Creating Safer and Caring Schools

Meeting Summary

A summary of this committee meeting is not yet available.

Meeting report

13 June 2007

Mr B Tolo

Documents handed out
Creating Safer and Caring Schools presentation
Governing Body Foundation (GBF) website
Governors’ Alliance (GA) website

Audio Recording of the Meeting

The Department of Education gave details of measures to improve safety in schools. Nine schools (one per province) are currently involved in a ministerial pilot project which provides safety via infrastructure. The infrastructure will be rolled out to the 65 schools worst affected by violence in each province. There are also some projects which focus more broadly on values as well as safety. The infrastructure rollout will be funded by provinces.

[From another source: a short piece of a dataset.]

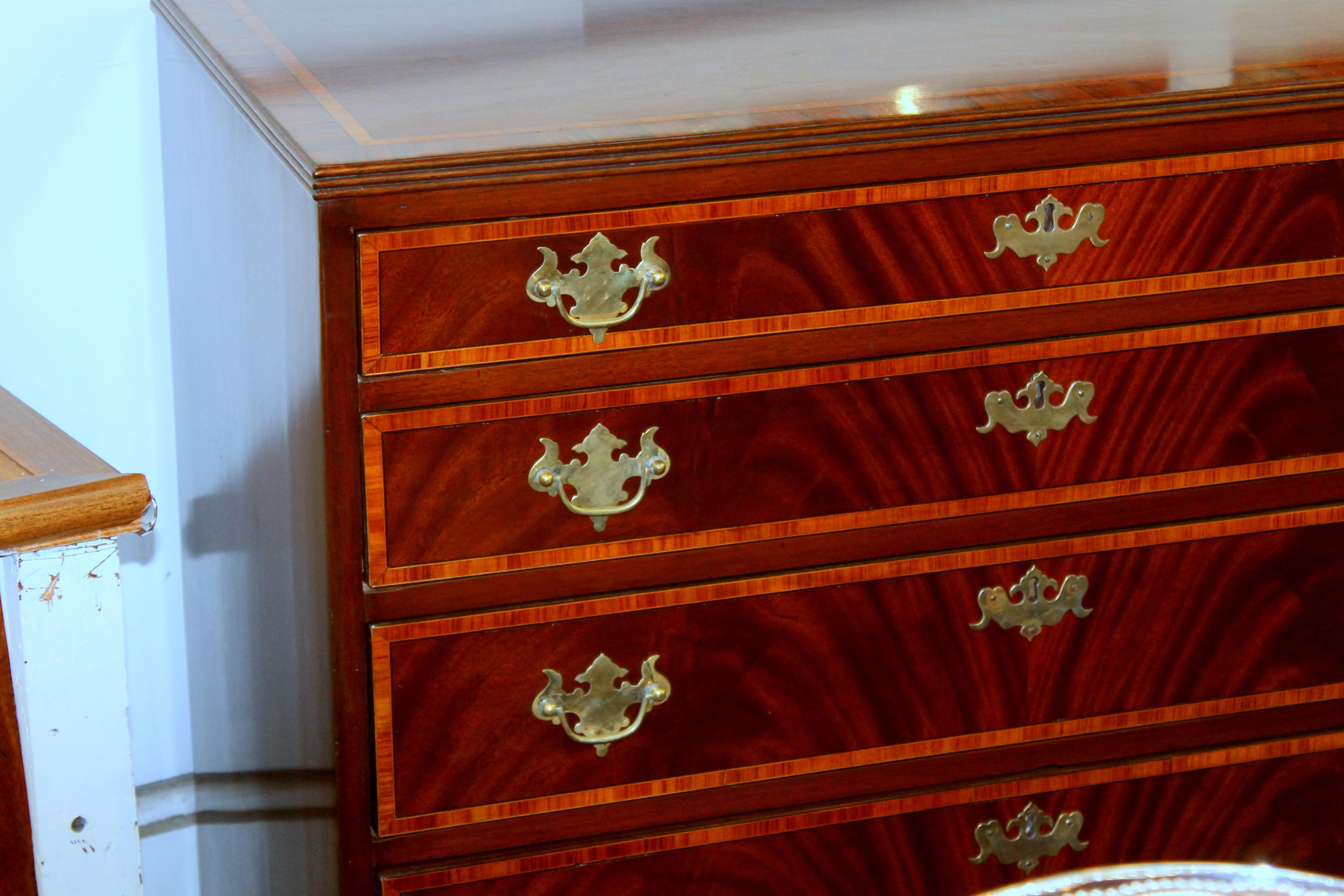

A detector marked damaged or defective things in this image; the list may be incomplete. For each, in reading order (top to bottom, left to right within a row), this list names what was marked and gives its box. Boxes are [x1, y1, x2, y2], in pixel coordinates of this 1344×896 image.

chipped white paint [1, 540, 142, 896]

Responses to these plans were provided by the Governing Body Foundation and the Governors’ Alliance (GA). Committee members were concerned about the neglect of former schools of industry, teachers neglecting their duties and not being good role models, the effect of industrial action on learners, and with funding and implementation of policy.

The Chair opened the meeting with some remarks on the democratic rights of non striking teachers (as some school teachers had been on strike) and on the economic need for education and children’s need to be able to participate in the economy and for schools to be reclaimed from violence and drug abuse.

Summary of presentation on “Creating Safer and Caring Schools”
The Chief Director: Social Inclusion in the Department of Education, Mr Mzwandile Matthews, gave some details of measures to improve safety in schools. The South African Schools Act (SASA) of 1996 provides for the development of a Code of Conduct for public schools, the main focus of which must be positive discipline. The social goals involving human rights are also entrenched in the curriculum. Many question about violent incidents in schools were raised in Parliament recently. Some details of seven violent incidents, five of which were fatal, were given. There must be ‘something’ in children which makes them behave antisocially so the Department cannot focus on infrastructure rehabilitation alone.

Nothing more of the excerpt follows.